Problem to solve
Retype each of the records below exactly, leaving the pictures out.
---
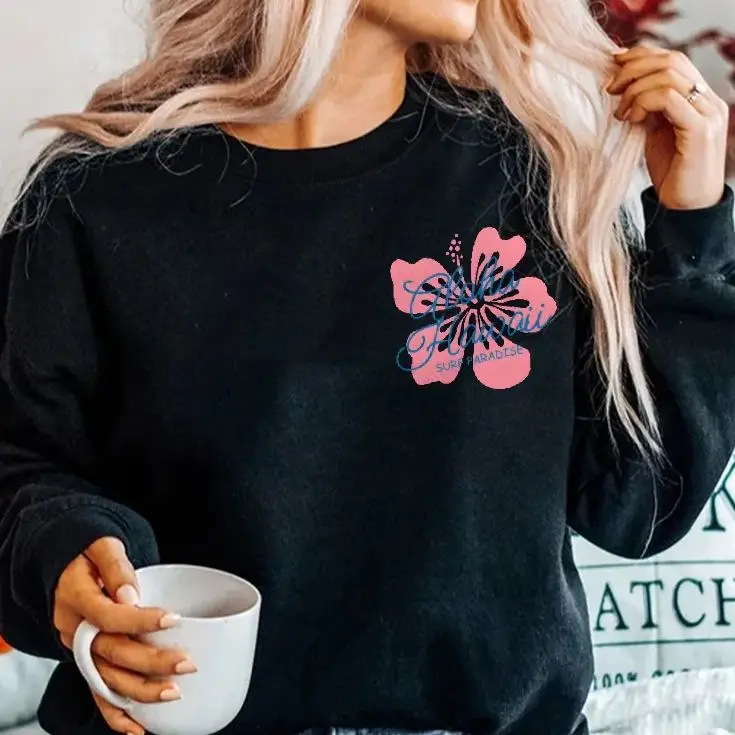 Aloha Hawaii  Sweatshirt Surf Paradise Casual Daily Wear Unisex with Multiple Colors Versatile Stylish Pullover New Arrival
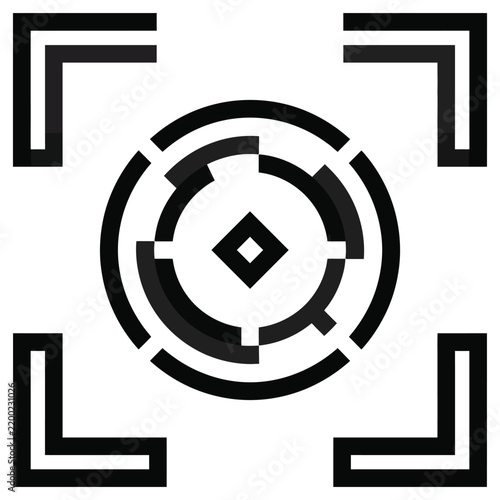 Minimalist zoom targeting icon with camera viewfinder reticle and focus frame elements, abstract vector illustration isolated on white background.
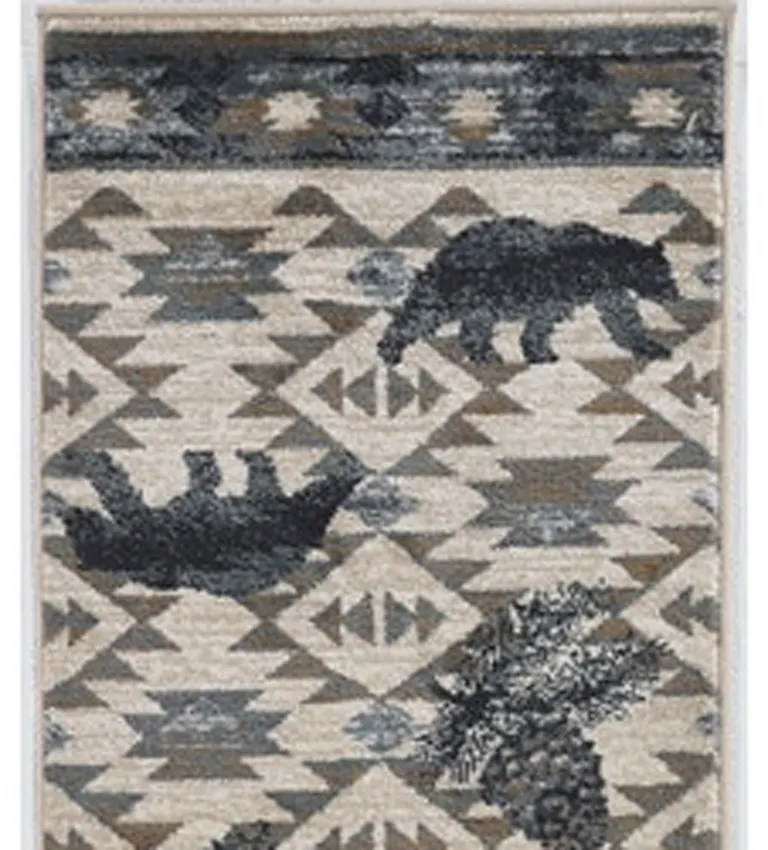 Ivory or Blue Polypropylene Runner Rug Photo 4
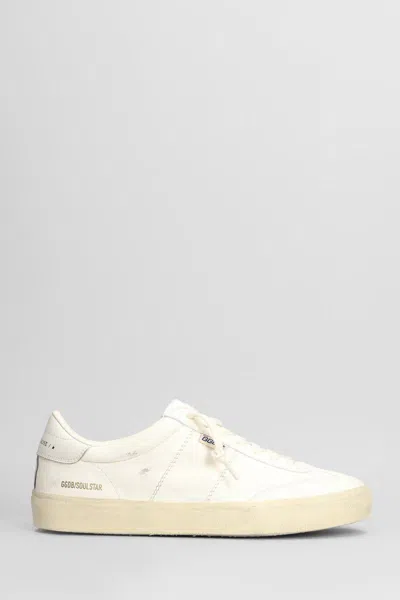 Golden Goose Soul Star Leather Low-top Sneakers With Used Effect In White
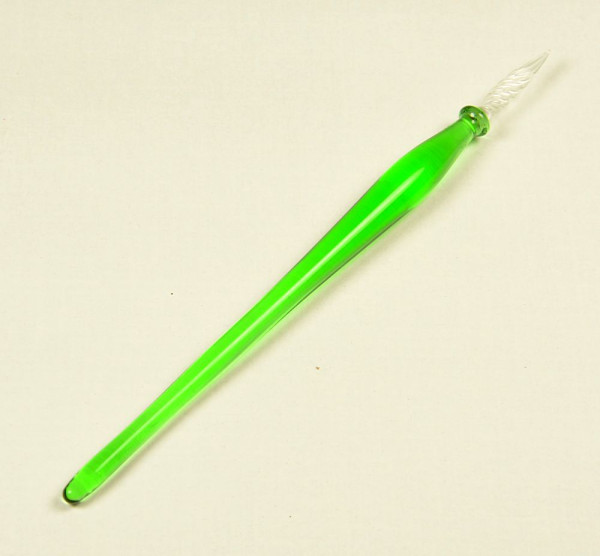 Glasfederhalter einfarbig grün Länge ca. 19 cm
---
Exercise output
 Aloha Hawaii  Sweatshirt Surf Paradise Casual Daily Wear Unisex with Multiple Colors Versatile Stylish Pullover New Arrival
 Minimalist zoom targeting icon with camera viewfinder reticle and focus frame elements, abstract vector illustration isolated on white background.
 Ivory or Blue Polypropylene Runner Rug Photo 4
 Golden Goose Soul Star Leather Low-top Sneakers With Used Effect In White
 Glasfederhalter einfarbig grün Länge ca. 19 cm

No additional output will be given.